Hawley was born and grew up in South Korea, the son of missionary
parents. After earning BA and MA degrees in history at Queen’s
University in Kingston, Ontario, he returned to East Asia with his wife
to work as a teacher for nearly two decades, first in Japan and then
Korea, ending in 2007 as an associate professor of English at Yonsei
University in Seoul.
was in Japan in the early 1990s that Hawley started writing for
magazines and newspapers on topics ranging from
international travel and sumo wrestling to daimyo clocks and
big-city fishing. By the late ‘90s he had turned his
attention to books. His most notable work from this period is The Imjin War, the most comprehensive account in English of Japan’s
sixteenth-century invasion of
Korea and attempted conquest of China, an event of seismic importance
in Asian history. He next focused on US Navy ensign and
diplomat George C. Foulk, Washington’s representative in Seoul at the
time of Korea’s opening to the West.

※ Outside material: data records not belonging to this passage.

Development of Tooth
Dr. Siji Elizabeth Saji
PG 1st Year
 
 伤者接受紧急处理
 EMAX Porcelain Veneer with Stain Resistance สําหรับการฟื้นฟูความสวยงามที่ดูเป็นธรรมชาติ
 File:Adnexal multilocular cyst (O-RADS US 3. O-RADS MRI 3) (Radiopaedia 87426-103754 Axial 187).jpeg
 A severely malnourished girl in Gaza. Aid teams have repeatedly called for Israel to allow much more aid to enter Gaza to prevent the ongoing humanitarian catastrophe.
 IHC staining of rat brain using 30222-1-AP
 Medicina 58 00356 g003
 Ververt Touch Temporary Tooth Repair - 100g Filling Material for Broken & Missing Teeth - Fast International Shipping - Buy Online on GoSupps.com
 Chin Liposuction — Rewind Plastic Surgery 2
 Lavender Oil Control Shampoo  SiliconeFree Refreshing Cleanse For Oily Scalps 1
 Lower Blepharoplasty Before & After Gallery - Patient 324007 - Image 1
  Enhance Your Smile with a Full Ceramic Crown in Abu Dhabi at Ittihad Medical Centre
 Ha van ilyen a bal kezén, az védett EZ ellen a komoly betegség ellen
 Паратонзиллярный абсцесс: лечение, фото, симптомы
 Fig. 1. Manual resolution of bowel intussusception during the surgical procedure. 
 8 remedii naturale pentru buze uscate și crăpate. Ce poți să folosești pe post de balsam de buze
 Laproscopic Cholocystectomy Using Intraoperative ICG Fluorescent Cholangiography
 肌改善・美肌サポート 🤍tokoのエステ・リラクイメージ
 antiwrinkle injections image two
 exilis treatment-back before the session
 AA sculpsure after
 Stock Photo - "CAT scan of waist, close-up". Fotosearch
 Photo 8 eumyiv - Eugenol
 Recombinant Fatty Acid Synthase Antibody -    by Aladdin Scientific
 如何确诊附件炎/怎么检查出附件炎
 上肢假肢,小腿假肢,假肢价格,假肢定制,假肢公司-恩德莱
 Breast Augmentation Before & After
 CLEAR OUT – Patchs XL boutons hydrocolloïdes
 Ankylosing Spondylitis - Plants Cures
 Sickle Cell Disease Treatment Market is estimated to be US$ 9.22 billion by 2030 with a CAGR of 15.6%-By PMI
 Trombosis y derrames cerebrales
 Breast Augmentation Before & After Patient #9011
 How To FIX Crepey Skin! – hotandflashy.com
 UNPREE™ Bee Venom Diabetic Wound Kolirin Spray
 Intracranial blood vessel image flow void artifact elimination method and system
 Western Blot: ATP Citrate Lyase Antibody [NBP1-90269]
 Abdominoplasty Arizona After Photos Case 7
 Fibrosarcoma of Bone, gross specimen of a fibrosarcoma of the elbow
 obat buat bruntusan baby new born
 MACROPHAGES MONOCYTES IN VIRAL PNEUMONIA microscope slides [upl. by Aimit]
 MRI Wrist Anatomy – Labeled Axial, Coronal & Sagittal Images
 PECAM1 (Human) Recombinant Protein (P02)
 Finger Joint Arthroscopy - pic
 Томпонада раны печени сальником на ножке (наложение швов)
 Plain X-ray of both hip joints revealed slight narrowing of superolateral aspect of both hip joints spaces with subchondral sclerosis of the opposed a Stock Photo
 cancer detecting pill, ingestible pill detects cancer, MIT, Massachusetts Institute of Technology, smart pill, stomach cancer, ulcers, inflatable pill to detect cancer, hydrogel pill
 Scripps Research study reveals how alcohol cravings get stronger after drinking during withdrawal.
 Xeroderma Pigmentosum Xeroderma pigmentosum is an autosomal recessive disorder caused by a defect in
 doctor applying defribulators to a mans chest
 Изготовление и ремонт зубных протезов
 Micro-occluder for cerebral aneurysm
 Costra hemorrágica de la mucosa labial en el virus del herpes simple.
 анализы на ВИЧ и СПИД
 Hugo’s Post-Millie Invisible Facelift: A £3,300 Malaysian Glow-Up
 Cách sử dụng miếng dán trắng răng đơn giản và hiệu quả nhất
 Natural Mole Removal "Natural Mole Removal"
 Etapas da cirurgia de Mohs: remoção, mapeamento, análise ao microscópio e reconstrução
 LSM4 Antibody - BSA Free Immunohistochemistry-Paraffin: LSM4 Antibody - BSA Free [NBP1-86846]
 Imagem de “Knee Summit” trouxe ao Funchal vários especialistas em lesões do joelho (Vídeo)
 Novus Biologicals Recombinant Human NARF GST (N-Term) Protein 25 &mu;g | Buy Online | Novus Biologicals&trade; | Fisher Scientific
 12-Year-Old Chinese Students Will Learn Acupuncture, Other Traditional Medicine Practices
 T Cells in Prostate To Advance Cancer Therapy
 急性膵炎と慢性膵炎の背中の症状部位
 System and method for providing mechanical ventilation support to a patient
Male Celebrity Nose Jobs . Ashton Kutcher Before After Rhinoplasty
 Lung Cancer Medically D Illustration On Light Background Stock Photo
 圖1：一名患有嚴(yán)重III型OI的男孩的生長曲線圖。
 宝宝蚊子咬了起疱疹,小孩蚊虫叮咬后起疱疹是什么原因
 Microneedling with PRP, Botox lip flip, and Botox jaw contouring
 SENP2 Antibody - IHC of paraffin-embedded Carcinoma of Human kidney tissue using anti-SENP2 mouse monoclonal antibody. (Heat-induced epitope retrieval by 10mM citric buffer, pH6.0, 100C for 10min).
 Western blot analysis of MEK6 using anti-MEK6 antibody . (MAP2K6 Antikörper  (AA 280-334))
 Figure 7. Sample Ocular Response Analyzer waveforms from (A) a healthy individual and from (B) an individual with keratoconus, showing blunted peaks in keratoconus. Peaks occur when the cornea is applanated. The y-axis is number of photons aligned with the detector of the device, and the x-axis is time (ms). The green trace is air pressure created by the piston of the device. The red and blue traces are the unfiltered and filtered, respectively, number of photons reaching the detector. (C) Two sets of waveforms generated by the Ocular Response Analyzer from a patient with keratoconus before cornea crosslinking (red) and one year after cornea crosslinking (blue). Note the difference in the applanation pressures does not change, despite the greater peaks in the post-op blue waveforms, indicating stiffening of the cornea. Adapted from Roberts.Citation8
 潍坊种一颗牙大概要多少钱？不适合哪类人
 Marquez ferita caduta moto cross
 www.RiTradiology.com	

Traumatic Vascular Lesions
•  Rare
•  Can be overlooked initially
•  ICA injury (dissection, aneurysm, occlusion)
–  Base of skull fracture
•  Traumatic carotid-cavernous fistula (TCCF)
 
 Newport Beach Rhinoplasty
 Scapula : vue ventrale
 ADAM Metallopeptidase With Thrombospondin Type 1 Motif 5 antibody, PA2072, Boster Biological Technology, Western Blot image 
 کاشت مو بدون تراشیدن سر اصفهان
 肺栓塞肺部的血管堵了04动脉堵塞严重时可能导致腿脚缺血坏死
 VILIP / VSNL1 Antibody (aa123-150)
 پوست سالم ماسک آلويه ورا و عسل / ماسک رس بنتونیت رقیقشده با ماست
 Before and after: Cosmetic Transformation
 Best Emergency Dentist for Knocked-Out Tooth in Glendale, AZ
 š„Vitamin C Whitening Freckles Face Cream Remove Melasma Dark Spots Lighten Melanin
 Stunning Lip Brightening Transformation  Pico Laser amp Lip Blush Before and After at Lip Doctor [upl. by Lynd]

Hawley's interest in Foulk resulted in two books, America's Man in Korea, and Inside the Hermit Kingdom, in 2007.
Hawley began writing
full-time upon returning to Canada in 2007, starting with the biography I
Just Ran: Percy Williams, World’s Fastest Human, about one of Canada’s greatest yet least known athletes. I Just Ran won an Independent
Publisher Awards silver medal and was named one of five "Best Sports
Books of the Year" by the CBC. He followed this with Speed Duel: The Inside Story of the Land
Speed Record in the Sixties, which received
starred reviews in both Publishers
Weekly and Library Journal.
He then turned to fiction with the novel Bad
Elephant Far Stream,
an imagined life story of the real circus elephant Topsy,
electrocuted on Coney Island in 1903. His latest book is the thriller Homeowner With a Gun, called "one of the year's best crime novels" by BestThrillers.com. He has also written two feature
film screenplays, Speed Duel and Homeowner With a Gun, based on his books.
Hawley's most recent project is The Fight That Started the Movies: The World Heavyweight Championship, the Birth of Cinema and the First Feature Film. It marks his return to narrative nonfiction and is due out in 2016.